The lye I`ve been using says neither but it does say 100% Sodium Hydroxide,Drain Cleaner (i always hate that part)

So what is the difference?They all claim to be 100% sodium hydroxide.


----------



## MullersLaneFarm

I buy bulk from Boyer They are located close to Chicago. Shipping shouldn't be too bad to NE TN


----------



## Barn Yarns

You are a lucky person to be able to buy lye in the store! been off our shelves here for more than 6 years. I did an internet search and did find a couple local places to me that I can get lye. both are 4 hrs away, but at least I know I can get some in a few days if i need it. 
I remember reading a couple years back that there was a product on the shelves at Home Depot or Lowe's (maybe both???) that the package said that it was 100% lye, but when looking at the MSDS sheet in the store, it turned out that it wasn't, so couldnt be used for soap or candles =(


----------



## 4nTN

Thanks for the replies....


I checked out the Boyer site....now I can add another "lye" to the confusion.

"High Test" Lye!!


How would I know if that is okay to make soap?

The website claims "High Test" lye for soapers.

I guess it`s a good thing they all provide consumers with phone #`s.

It would be nice if they were all very specific right on the website.....grrrrr!


----------



## 4nTN

Barn Yarns...I guess you could say I`m lucky.

But considering the source you`d probably think otherwise.

What I mean is that...the hardware store where I buy my lye is rather sketchy.

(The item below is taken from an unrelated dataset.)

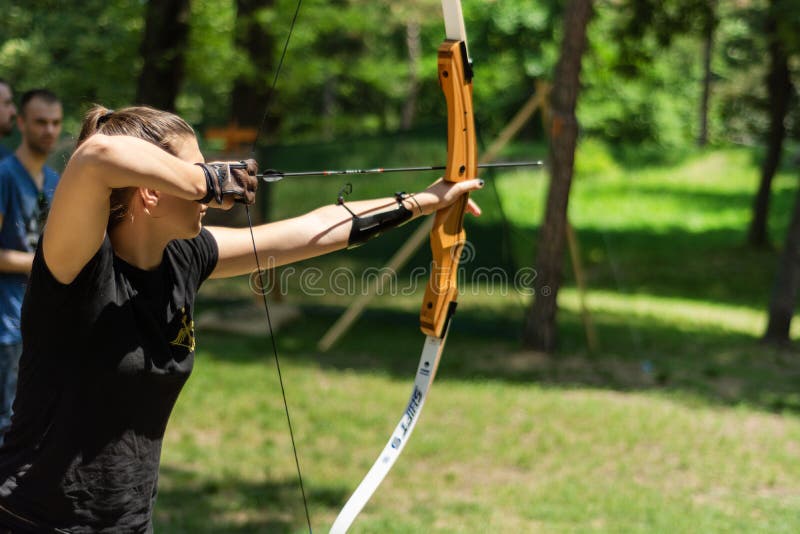Professional girl archer with bow shoot arrow in the forest on knight festival and tournament stock photo Professional girl archer with bow shoot arrow in the forest on knight festival and tournament stock photo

I`m betting there is only me and another woman who buy it to make soap.(This is a very small community)

The other being sold is going for whatever purpose that got it taken off the shelf in the first place.We have a lot of that here in Appalachia.

The kid at the register told me he sells a lot,and I know it`s not all clogged drains!

The price has gone up $2.00 in two years!


----------



## barefootboy

Please check out my alternate lye creation thread. It does work as I have tested it. The lye solution created is somewhere near 50% in concentration and is 13 on the pH scale. it can be made for pennies and there is NO legal hassle.


----------



## MullersLaneFarm

I've used Boyer "Red Crown High Test" Lye exclusively for making soap for the past 8 years ... since Red Devil quit making it. Boyer is a chemical company and they make the lye there. When I call in my order, they always make sure I get the freshest lye. If they have a new batch scheduled to be made, they will let me know and ask if I want to wait to have that shipped.

After they fill your order, they will send you out a letter to complete stating that you are using the lye for soap making.


----------